Cinquième dimanche du temps ordinaire

Temps liturgique: Temps ordinaire
Année liturgique: B
Date : 4 février 2024
Auteur: André Wénin

« Annoncer l’Évangile n’est pas pour moi un motif de fierté,
c’est une nécessité qui s’impose à moi »
(1re lettre aux Corinthiens 9,16)

Une vie qui n’en est pas une… (Job 7,1-4.6-7)

Job prit la parole et dit : « Le sort de l’homme sur la terre, n’est-ce pas une corvée ? Ses jours ne sont-ils pas comme ceux d’un saisonnier ? Comme un esclave qui désire un peu d’ombre, comme un saisonnier qui attend sa paye, depuis des mois je n’ai en partage que le néant, je ne compte que des nuits de souffrance. Quand je me couche, je me dis : “Quand pourrai-je me lever ?” Le soir n’en finit pas : je suis rassasié d’insomnies jusqu’à l’aube. […] Mes jours sont plus rapides que la navette du tisserand, ils s’achèvent faute de fil. Souviens-toi [Seigneur] : ma vie n’est qu’un souffle, mes yeux ne verront plus le bonheur. »

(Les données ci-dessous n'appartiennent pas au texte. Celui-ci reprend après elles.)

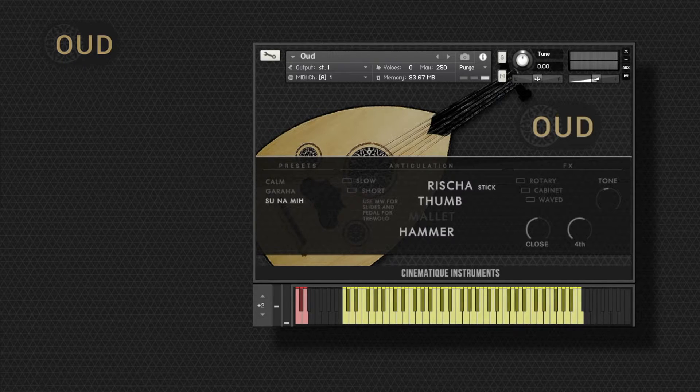It consists of four different articulations, and you can combine them in every possible way. We also recorded a piano hammer, and there are some really nice combinations. As you can see, already these articulations offer a lot of variety.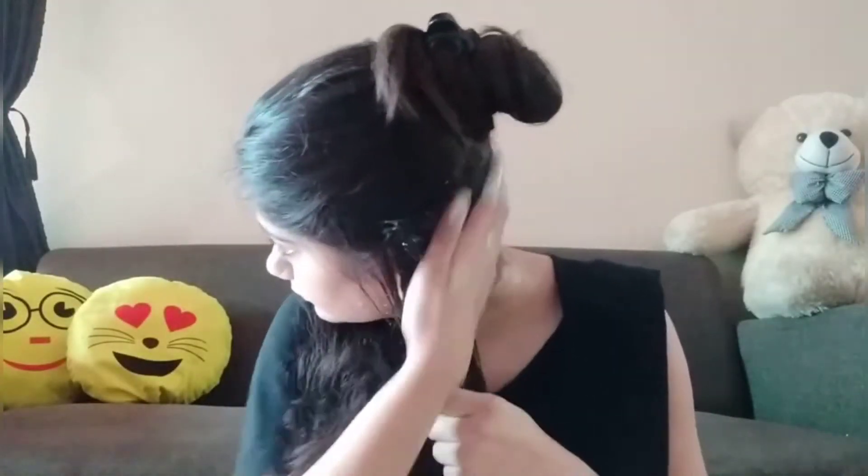I will divide the hair into two parts, then start applying the hair mask from the ends first, working up towards the roots, making sure to apply it well throughout.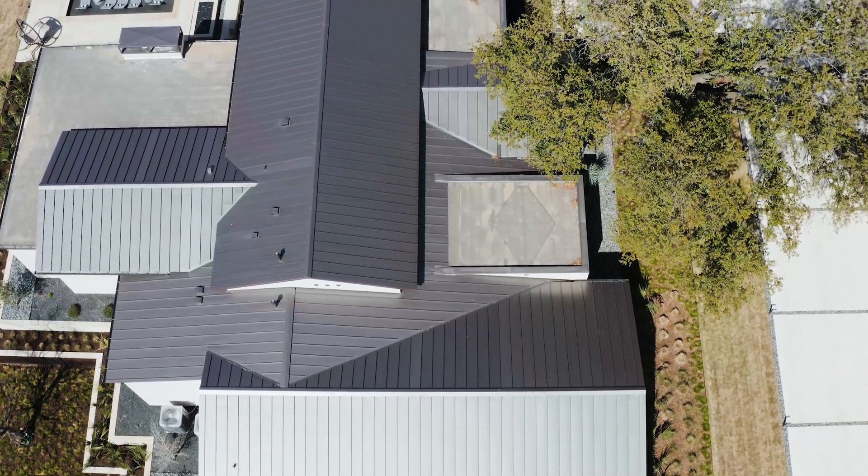This has been a basic overview of exposed fastener and standing seam metal roofing. There's a lot more we could go into, so comment below if you have a specific project or question pertaining to this topic, or check out our other content at sheffieldmetals.com. Thanks for watching — I'm Thad Barnett, and we'll catch you next time.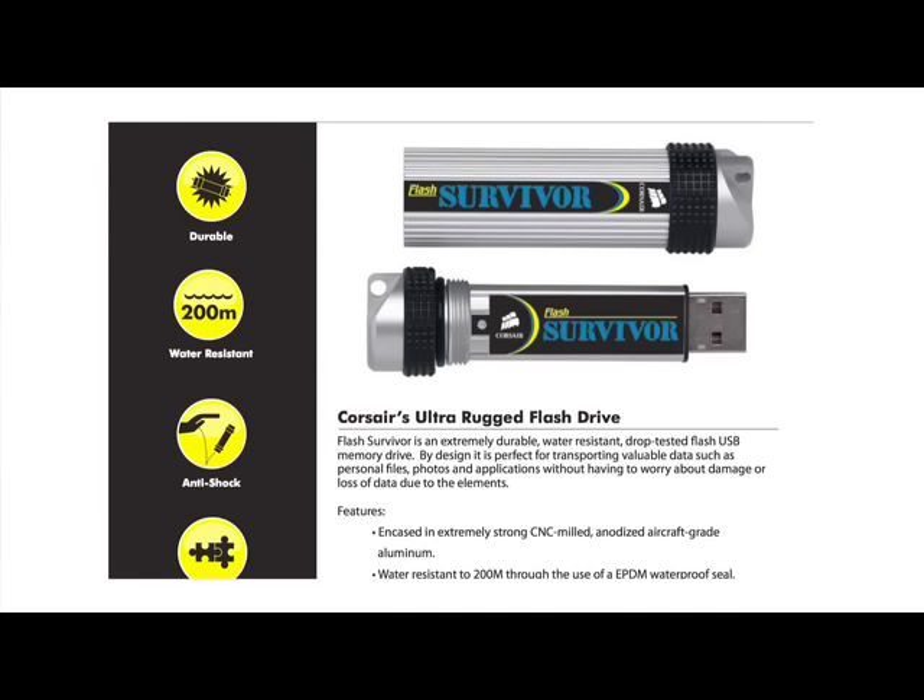It's a device that can withstand high-impact shocks, being dipped in water, being out in the elements. So we're gonna put it to the test here today and run it through the ringer, and then we are going to fire it up and see if our files survive.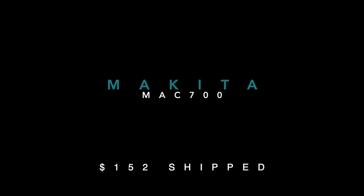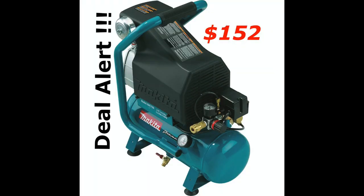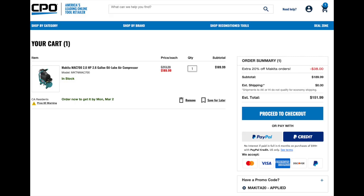Hey, what's up guys, for the win back here with your dealer, and today we're going to talk about how to get the Makita Max 700 air compressor for $152 shipped. When you pick this up, you're going to need to go to cpooutlets.com where you can pick up this Makita Max 700 air compressor for roughly around $152 shipped.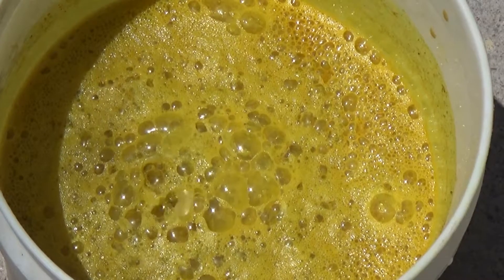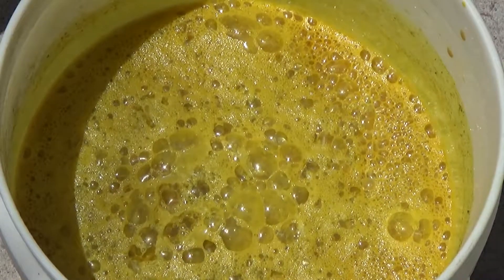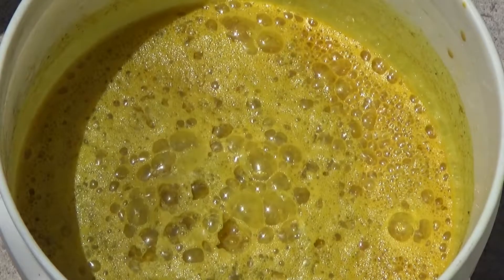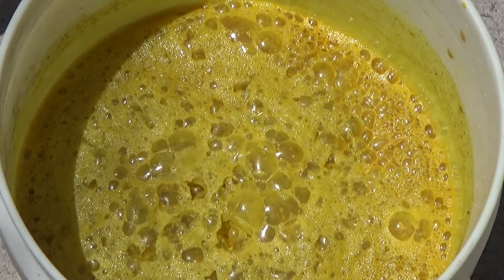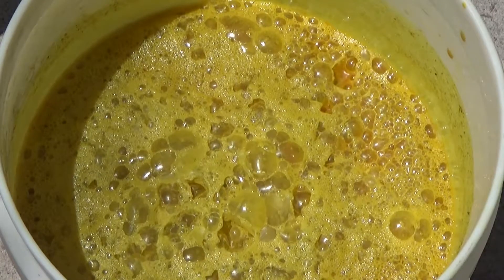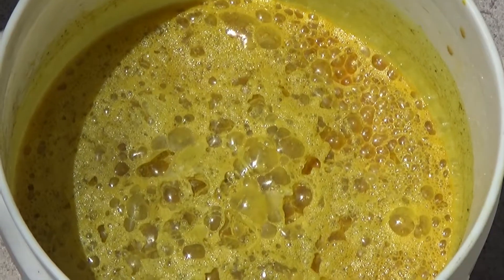We put the hydrochloric acid — the HCl — in it, and you can see it's turning into a nice golden colored chloride. As soon as this stops, we will drain it off and filter it so that we'll have a clear liquid. Then we'll actually drop the sponge, maybe later today or tomorrow.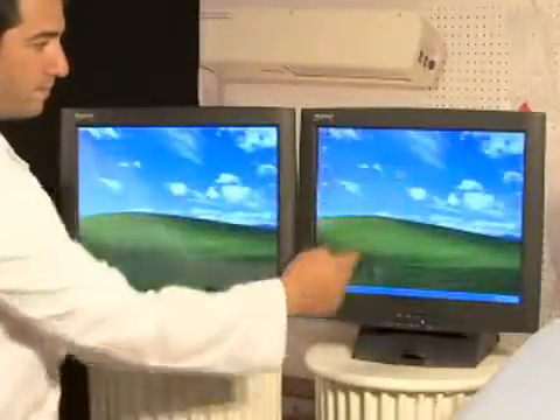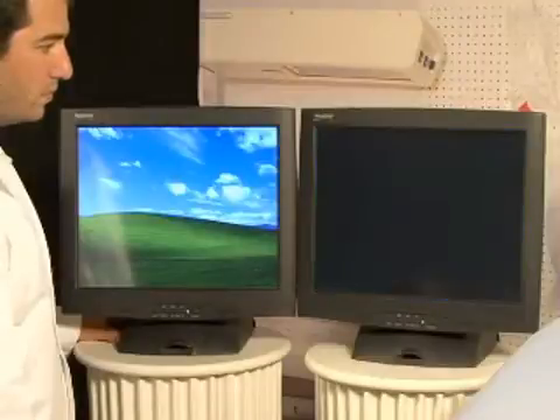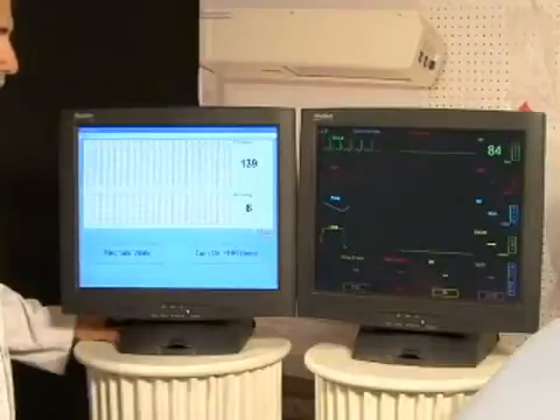Unpack both touch screen monitors and connect them to the desktop computer. The GOMARD monitor software will be connected to the GOMARD UI controlling software when they are initialized.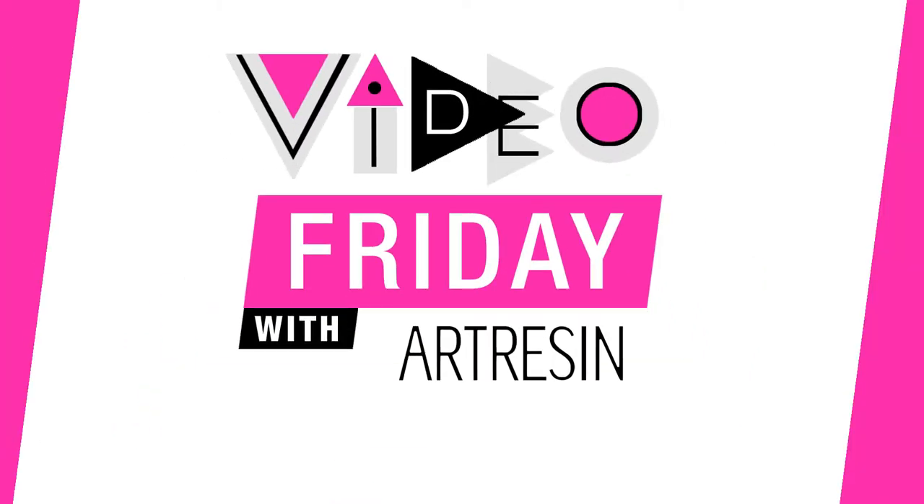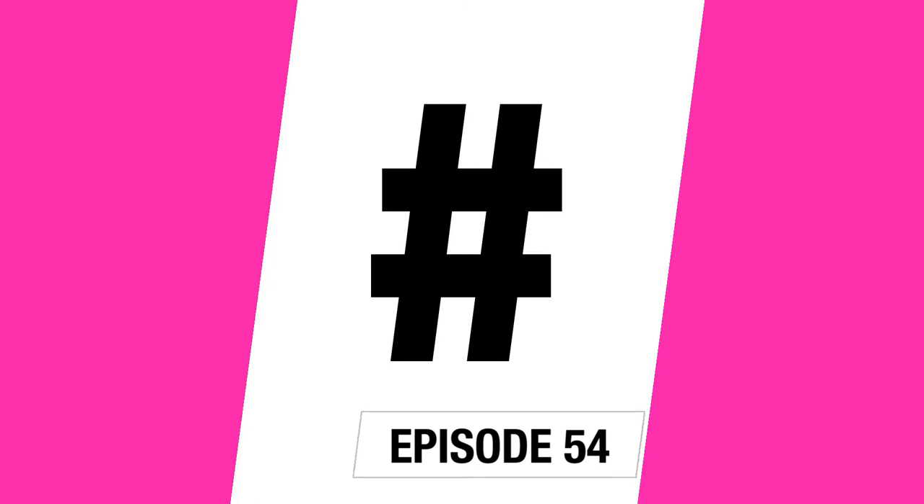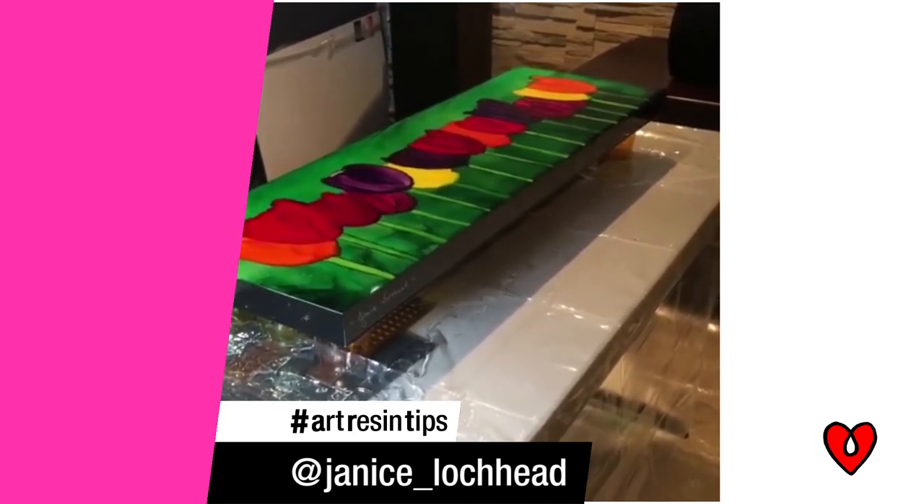Video Friday with a resin. Why don't we use that hashtag together, everyone? Hashtag RVTips. God, that was bad.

Le livre de Job est formé en majorité de longues tirades poétiques qui sont autant de réparties dans un ample dialogue entre Job et ses amis. Job, un homme juste, a été frappé par des malheurs en chaîne qui l’ont anéanti. Trois amis, puis un quatrième, viennent lui exprimer leur compassion et le réconforter. Après un silence d’une semaine, les amis étant frappés de mutisme devant la souffrance extrême de Job (2,11-13), celui-ci se met à parler pour se lamenter. C’est ainsi que s’engage le dialogue où les amis vont peu à peu incriminer Job des malheurs qui lui arrivent. À leurs yeux, en effet, Dieu est juste, et s’il permet que Job souffre, c’est que celui-ci est pécheur. À cette lecture de sa situation, Job résiste de toutes ses forces. À la fin du livre, c’est à lui que Dieu donnera raison.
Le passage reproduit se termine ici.